— Какого рода иерархия существует в вашем центре?
— У нас директора программ в принципе равны. Они необязательно равны между собой по своему престижу, возрасту и соответственно вознаграждению. Постоянных сотрудников у нас 18 человек. Кроме того, работают на полставки младшие научные сотрудники. У руководителя каждой программы есть такая группа сотрудников, на которых они полагаются. Но все обладают достаточной степенью автономии.
Мы с самого начала хотели быть небольшой организацией. Чем меньше, тем у вас больше средств на все остальное.
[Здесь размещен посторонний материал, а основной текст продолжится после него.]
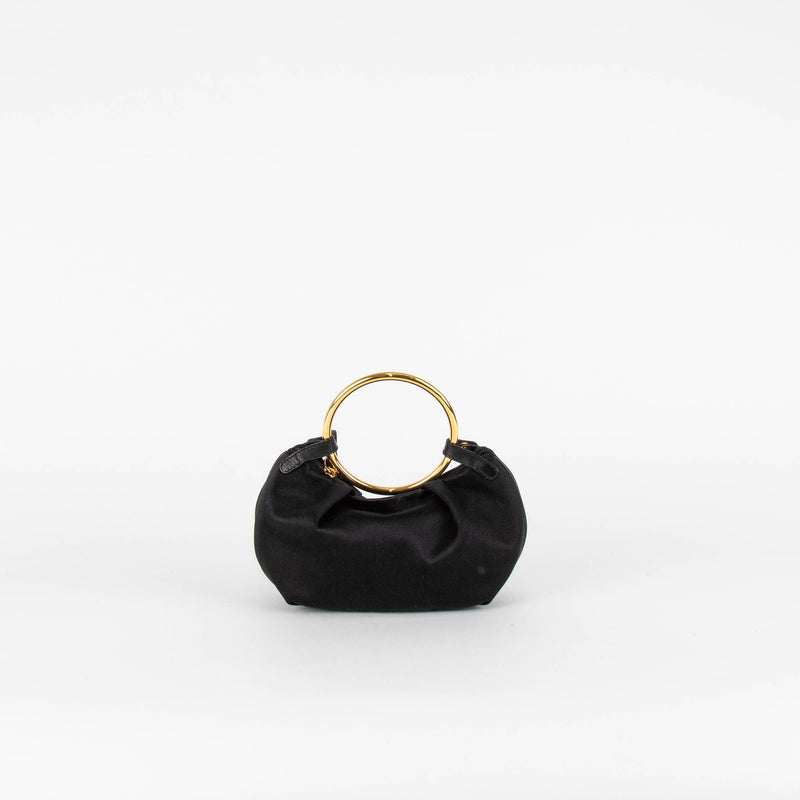 Kate Spade Black Gold Round Handle Mini Bag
Первые годы своей профессиональной жизни я провел в Институте мировой политики и международных отношений, работая на человека, которого звали Евгений Максимович Примаков. Работали мы вместе с Игорем Сергеевичем Ивановым на человека, которого звали Николай Николаевич Иноземцев. Я помню, даже тогда наши постоянные разговоры шли о том, что в институте было 750 сотрудников; если бы из них уволили человек 500, он стал бы только лучше, а оставшиеся, соответственно, получали бы лучшую зарплату. Кроме того, если бы мы стали крупной организацией, нам было бы трудно занимать позиции, которые я назвал провокационными. Наконец, когда мы берем сотрудников, то исходим из того, что это люди, которые могут действовать на самом высоком уровне. Для наших руководителей программ возможность встречаться с руководителями стран, которыми они занимаются, является нормой. Если наша руководитель программы по энергетике находится в Азербайджане, то она встречается с Алиевым. Когда она бывает в Казахстане, она летит на самолете господина Назарбаева. Таких людей на рынке немного.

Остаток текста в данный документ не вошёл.